How can the right to belong be broken?

In many families, there are those who remain ‘unseen’ because of loss or exclusion. This can happen for various reasons – here just some examples:

  • when babies are aborted or stillborn and not mourned or talked about any more

  • when children or young adults die and are not mourned or talked about any more

  • when children are given away for adoption and no longer talked about

  • when adoptive parents do not acknowledge the natural parents of their children

  • when previous partners or important relationships are not acknowledged and honoured between couples

  • when extra-marital relationships are kept secret

  • when the experiences of war are not remembered and the dead not honoured

  • when there are family secrets no one talks about

These “outsiders” can impact the whole family system and each individual in the system. What happens is, that often in descendants of the family (sometimes 2 or 3 generations later) these effects can manifest in the form of all kind of life problems through to mental or physical illness, addictions, depression, childlessness or even suicide. In this context we are speaking of invisible loyalties (e.g. a child’s unconscious loyal statement to a stillborn sibling not to deserve to have a better life than the sibling).

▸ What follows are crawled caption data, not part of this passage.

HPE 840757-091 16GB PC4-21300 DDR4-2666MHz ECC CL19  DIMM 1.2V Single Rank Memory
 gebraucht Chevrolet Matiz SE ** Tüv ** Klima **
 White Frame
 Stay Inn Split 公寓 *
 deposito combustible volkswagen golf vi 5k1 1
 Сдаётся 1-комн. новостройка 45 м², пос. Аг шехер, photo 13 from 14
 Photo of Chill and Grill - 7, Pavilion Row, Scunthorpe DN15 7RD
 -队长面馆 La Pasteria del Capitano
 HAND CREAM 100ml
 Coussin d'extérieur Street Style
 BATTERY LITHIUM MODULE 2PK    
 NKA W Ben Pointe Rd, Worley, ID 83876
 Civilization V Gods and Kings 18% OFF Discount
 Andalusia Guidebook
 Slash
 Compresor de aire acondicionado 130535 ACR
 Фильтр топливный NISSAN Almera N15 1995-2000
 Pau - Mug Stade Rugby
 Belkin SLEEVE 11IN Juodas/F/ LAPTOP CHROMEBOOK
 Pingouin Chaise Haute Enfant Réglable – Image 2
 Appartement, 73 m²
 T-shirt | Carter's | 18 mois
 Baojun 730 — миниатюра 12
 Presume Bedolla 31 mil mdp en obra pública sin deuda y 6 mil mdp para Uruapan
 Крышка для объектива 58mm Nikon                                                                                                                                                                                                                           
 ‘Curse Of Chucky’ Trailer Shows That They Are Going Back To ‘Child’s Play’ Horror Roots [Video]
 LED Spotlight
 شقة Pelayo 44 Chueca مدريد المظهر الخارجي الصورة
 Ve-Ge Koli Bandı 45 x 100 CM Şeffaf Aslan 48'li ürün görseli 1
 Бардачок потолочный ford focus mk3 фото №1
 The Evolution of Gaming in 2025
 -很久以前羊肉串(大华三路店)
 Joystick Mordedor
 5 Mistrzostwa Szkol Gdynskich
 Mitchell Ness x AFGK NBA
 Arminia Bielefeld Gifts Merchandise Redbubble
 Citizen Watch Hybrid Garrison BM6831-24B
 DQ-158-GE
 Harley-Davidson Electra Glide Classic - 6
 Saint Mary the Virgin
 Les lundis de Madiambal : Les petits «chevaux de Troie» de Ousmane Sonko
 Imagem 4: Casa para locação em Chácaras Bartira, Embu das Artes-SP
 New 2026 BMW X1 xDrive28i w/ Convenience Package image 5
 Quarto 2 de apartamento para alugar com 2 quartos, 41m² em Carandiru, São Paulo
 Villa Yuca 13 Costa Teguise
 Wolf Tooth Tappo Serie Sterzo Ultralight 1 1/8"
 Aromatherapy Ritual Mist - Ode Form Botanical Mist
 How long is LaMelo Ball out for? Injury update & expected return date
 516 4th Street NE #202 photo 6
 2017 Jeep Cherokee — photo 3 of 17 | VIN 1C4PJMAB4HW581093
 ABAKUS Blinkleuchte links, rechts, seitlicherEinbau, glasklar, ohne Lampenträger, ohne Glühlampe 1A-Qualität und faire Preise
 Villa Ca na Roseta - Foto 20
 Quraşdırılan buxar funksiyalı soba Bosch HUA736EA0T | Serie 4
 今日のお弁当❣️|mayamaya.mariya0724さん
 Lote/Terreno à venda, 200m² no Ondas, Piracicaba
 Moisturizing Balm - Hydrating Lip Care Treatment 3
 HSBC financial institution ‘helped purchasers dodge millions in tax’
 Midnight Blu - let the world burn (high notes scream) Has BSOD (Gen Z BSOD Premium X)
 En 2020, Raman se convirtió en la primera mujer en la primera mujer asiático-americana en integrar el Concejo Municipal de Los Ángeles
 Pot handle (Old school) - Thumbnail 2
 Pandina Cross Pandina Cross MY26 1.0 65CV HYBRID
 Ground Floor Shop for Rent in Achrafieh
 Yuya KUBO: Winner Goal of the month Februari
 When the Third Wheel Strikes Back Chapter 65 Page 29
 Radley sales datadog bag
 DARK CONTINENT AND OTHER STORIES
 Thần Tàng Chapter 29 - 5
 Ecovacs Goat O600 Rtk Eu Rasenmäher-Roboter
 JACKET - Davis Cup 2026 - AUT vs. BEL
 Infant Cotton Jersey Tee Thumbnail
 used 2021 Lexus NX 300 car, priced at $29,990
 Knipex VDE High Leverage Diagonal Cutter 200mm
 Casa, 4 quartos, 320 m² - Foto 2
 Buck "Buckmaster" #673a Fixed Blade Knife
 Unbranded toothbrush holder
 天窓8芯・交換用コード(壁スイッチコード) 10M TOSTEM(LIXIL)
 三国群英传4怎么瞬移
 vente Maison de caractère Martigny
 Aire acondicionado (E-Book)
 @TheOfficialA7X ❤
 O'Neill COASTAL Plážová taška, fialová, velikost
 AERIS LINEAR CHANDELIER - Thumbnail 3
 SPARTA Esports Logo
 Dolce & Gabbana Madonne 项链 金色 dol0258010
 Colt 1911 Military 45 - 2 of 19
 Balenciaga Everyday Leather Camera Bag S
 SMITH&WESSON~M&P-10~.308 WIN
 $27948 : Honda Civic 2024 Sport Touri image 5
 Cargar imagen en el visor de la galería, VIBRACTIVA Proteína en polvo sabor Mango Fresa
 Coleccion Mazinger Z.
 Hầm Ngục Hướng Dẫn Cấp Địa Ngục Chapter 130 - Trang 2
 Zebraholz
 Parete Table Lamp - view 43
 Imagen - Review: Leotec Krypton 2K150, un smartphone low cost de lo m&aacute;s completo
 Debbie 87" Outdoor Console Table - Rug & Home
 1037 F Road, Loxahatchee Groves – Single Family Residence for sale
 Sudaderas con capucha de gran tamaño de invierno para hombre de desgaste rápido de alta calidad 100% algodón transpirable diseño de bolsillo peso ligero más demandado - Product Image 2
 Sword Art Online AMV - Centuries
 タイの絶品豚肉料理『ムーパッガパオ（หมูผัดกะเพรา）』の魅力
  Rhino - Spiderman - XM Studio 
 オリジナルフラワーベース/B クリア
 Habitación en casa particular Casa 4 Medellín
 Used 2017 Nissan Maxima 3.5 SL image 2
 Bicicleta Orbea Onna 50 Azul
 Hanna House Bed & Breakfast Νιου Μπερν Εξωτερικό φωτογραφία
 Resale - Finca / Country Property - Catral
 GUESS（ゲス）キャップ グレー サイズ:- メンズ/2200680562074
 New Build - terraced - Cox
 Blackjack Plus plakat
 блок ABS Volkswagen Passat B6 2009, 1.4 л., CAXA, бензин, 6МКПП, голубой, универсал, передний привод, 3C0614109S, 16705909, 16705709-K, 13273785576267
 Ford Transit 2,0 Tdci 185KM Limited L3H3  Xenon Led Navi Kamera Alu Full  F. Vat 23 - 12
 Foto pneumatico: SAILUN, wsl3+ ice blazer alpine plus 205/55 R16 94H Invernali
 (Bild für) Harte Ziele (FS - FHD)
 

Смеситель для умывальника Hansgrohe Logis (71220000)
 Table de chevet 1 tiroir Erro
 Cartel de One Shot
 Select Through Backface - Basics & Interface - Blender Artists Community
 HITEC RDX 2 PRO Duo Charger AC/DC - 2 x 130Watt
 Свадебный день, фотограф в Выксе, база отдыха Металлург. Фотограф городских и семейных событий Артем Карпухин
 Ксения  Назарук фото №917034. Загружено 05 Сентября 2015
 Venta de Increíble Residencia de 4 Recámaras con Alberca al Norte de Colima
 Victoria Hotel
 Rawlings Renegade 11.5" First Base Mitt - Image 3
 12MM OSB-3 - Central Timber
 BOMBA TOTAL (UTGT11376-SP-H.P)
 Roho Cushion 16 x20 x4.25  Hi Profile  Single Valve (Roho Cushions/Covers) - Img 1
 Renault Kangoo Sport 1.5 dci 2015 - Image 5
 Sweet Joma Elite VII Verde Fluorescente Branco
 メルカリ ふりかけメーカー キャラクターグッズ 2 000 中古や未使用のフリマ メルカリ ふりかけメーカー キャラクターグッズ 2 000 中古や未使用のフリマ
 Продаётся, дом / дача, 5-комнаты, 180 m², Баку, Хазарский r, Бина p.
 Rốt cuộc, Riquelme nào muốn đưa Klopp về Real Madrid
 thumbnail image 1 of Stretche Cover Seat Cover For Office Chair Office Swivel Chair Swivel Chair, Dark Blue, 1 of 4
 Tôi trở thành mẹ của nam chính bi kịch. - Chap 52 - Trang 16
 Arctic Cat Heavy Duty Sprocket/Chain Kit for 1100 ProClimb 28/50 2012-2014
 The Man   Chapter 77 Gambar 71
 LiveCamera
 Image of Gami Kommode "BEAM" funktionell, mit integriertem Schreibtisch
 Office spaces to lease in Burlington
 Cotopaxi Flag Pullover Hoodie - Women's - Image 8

Unveiling these forgotten or excluded family members, restoring them to their places, acknowledging what happened and honouring their fate can then again have a positive impact on the descendant and his/her family.


The law of priority

Not only has everyone in the family his/her own place, but everyone must take the place that is appropriate according to his or her rank of belonging.

  • Those who belonged to the system earlier take precedence over those who came later. (e.g. parents take precedence over their children; the first child has precedence over the second; when a new child is born, the previously last in the order of precedence gains priority as soon as the new sibling enters the family system).

  • A newly founded family takes precedence over the family of origin (when a child gets married and forms a new family, eventually, in this new family will take the first place together with the partner)

  • New partnerships take precedence over former ones (even when during a marriage one parent starts another relationship and a child is born from this relationship, the thus newly founded family takes precedence over the earlier one).


Victims and perpetrators


At this point I also want to raise a subject that may be hard to digest.

There is another kind of belonging – the one between victims and perpetrators.

Family constellations show clearly that perpetrators are drawn to their victims just as victims are drawn to their perpetrators. The bond between them is stronger than the bond that holds them within their families of origin. Victims and perpetrators have to be reconciled – their relationship shows the futility of revenge. If we stay in the revenge energy later family members may become entangled.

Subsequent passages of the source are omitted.